Ich werde daher zunächst über die vom erwähnten Zusatz- beziehungsweise Abänderungsantrag betroffenen Teile und schließlich über die restlichen, noch nicht abgestimmten Teile des Gesetzentwurfes abstimmen lassen.
Da der vorliegende Gesetzentwurf Verfassungsbestimmungen enthält, stelle ich zunächst im Sinne des § 82 Abs. 2 Z 1 der Geschäftsordnung die für die Abstimmung erforderliche Anwesenheit der verfassungsmäßig vorgesehenen Anzahl der Abgeordneten fest.
Die Abgeordneten Ofenauer, Köllner, Hoyos-Trauttmansdorff, Kolleginnen und Kollegen haben einen Zusatz- beziehungsweise Abänderungsantrag betreffend die Artikel 1 bis 3 eingebracht.
Wer dem zustimmt, den bitte ich um ein Zeichen. – Das ist mit Mehrheit so angenommen.
Schließlich kommen wir zur Abstimmung über die restlichen, noch nicht abgestimmten Teile des Gesetzentwurfes samt Titel und Eingang in der Fassung der Regierungsvorlage.
Wer sich dafür ausspricht, den bitte ich um ein zustimmendes Zeichen. – Das ist mehrheitlich angenommen.

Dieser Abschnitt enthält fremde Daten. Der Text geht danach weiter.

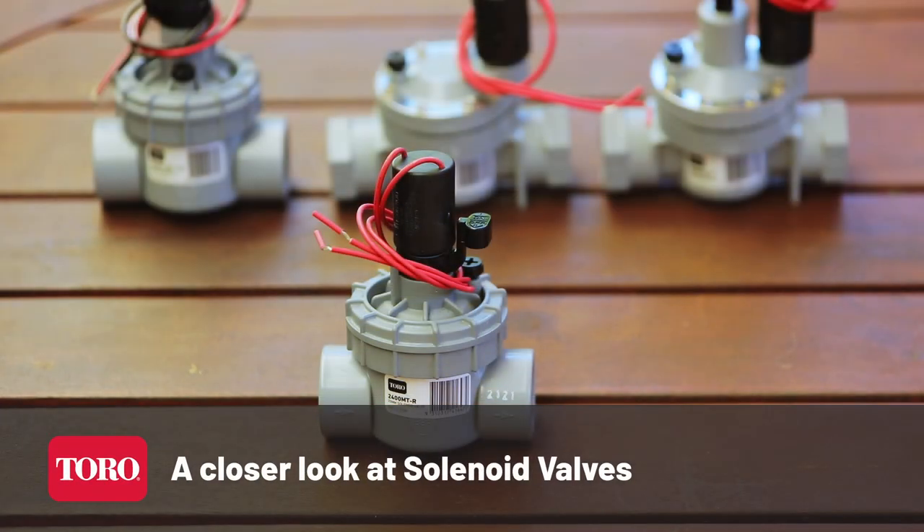Whether you're working on a small or big landscaping or gardening project, you'll need solenoid valves. Let's take a closer look at how to choose them and use them.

Ausdrücklich stelle ich die verfassungsmäßig erforderliche Zweidrittelmehrheit fest.
Wir kommen sogleich zur dritten Lesung.
Ich bitte jene Damen und Herren, die in der dritten Lesung zustimmen, um ein Zeichen. – Der Gesetzentwurf ist in dritter Lesung, wiederum mit der verfassungsmäßig erforderlichen Zweidrittelmehrheit, beschlossen.